Law libraries license and purchase content and access. The costs of those things are volatile. Sometimes a publisher ships more or fewer items. Sometimes those items, no matter how numerous, cost more. The point is that a budget is not meant to be ESP. So when funders come to us at year end and extract money, it can create unnecessary pain. A couple of government law libraries are going through that right now. They rob Peter to pay Paul.

Minnesota has a filing fee funded law library system. The law library fee is $10 or $15 depending on the case and ranges from 5% to 15% of the main fee. It is not uncommon for fees to be designated for law library use. Until recently, that was even the case in our jurisdiction. Members paid annual dues but a component was designated the law library levy.

The fund designation suggests an intent. There is a legislative action that says, “we think access to the law is important and so we will ensure access by designating specific filing fees for that purpose.” Otherwise, the legislature could just fund the judiciary in a lump sum and leave the discretion of funding access to the law up to the judges.

Fund Extraction

This isn’t a new thing in Minnesota. A law “allowing” courthouse law libraries to fund construction projects was vetoed in 2017. The law reflects a particular view of law libraries, the library as space rather than as information resource.

If a county law library, through its trustees, has a fiscal reserve that is projected to sustain its operations for a period of over five years, the county law library may transfer up to half of the money in its fiscal reserve, but not to exceed $200,000, to the county in which the library is located to defray costs of constructing a new building to house the law library and courts.

Minn. SF1113

That didn’t actually stop the approach. The law was passed in relation to one county in 2017. Minnesota’s governor just passed a law allowing a second named county to enable that transfer as well. As one senator noted, it sets a precedent and eliminates the transparency around why the filing fee is collected in the first place.

The Polk County board is raiding the library account to pay for general courthouse tech upgrades. The library account is statutorily dedicated to paying for the library. … It is listed on the schedule of fees paid by civil filers and fine-payers as a law library fee, so redirecting its use is deceptive, too, lacking in transparency and accountability

What struck me in the senator’s statement was that the money was to be used for judicial technology upgrades. In a sense, that’s totally understandable. The judiciary in many jurisdictions have been laggards in adopting technology improvements. Even when they build new courtrooms or courthouses, technology seems to be an after thought.

I don’t have any problem with a jurisdiction deciding to fund courthouse or courtroom technology. If that improves the administration of justice, that’s a great investment. And I understand why some jurisdictions cannot afford to fund access to legal information. I don’t think it’s wise but needs must.

It begs the question why the legislature, who controls all of these decisions, does not just ensure the courts have funds for technology upgrades. If they can allot filing fees to the law library fund in a county, they can surely allot funding for new wiring, screens, data management, and accessible kiosks for parties.
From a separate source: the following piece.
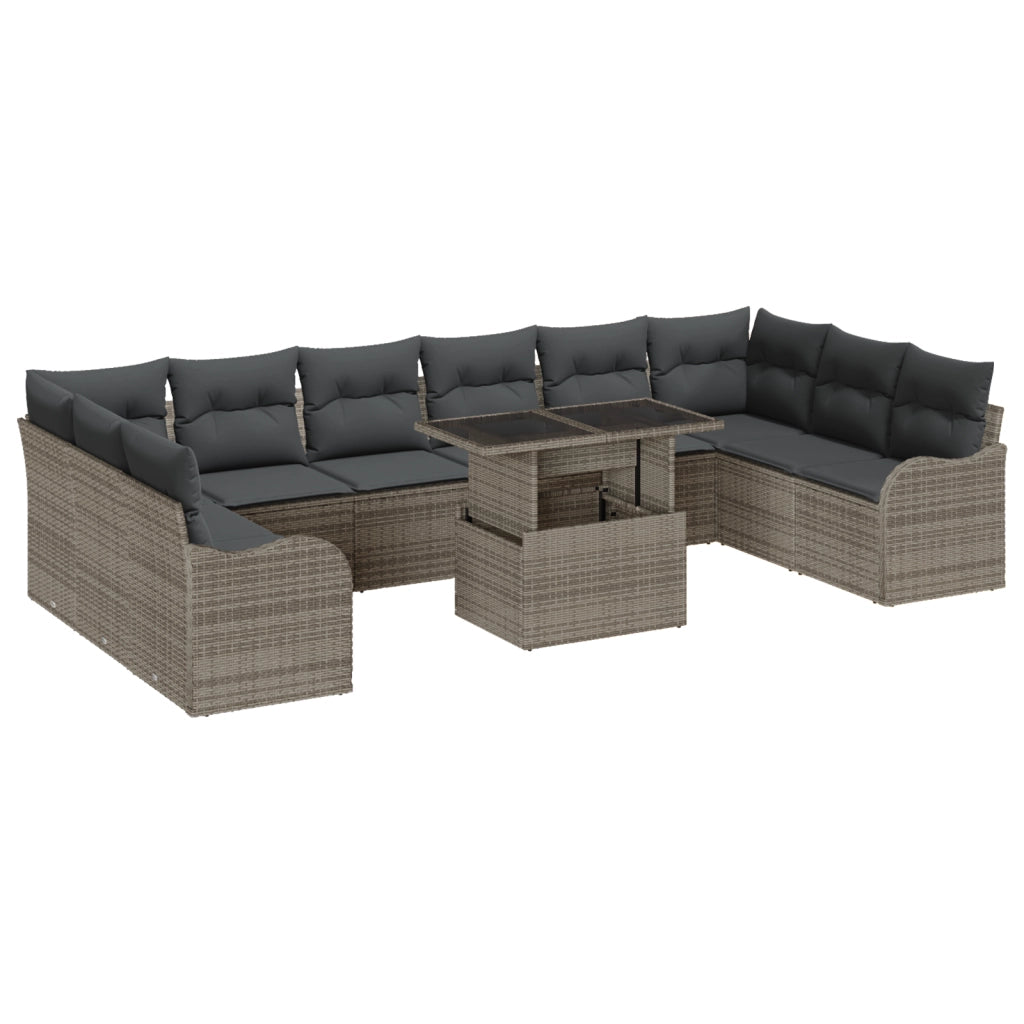 Set Divano da Giardino  11 pezzi con cuscini Grigio in Rattan Sintetico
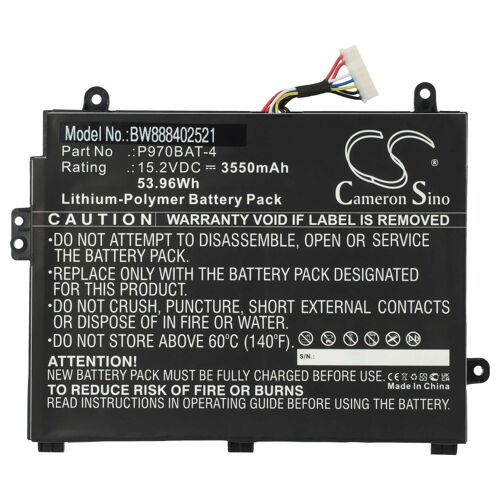 vhbw Batterie compatible avec Schenker Key 16, Key 17 ordinateur portable (3550mAh, 15,2V, Li-polymère)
Unfortunately, the converse isn’t necessarily true. When a courthouse law library in Ohio was running out of funds this year, they were told to make do:

So in other words, we are SOL?” Nalazek asked.
As far as seeking funds from the county, you’re absolutely correct,” Eliason confirmed.

Conversation between Athens County (OH) law librarian Roy Nalazek and Athens County Commissioner President Lenny Eliason, June 2020.

Think Long Term

Courthouse law libraries don’t have a lot of clout. In some ways, you would expect legislators to see that it was their job and that, of the many options they have, piecemeal scraping of excess law library funds isn’t the best way. The reality is that many funders are afraid of raising taxes or maintaining dues levels – even when those actions are necessary to fund the operations – because it creates job risk for them.

Funders might:

  • reduce the law library filing fee and create a court technology fee
  • earmark funding specifically for the adoption and maintenance of court technology
  • monitor the excess funding in courthouse law libraries and reduce filing fees in accordance
  • clawback all or part of excess funding so as to avoid any one law library accruing $200,000

There are so many choices. My preference is actually the latter. Funders are worried about perceptions as much as anything. People with a political bent are always on the look out for pots of money they can label slush funds.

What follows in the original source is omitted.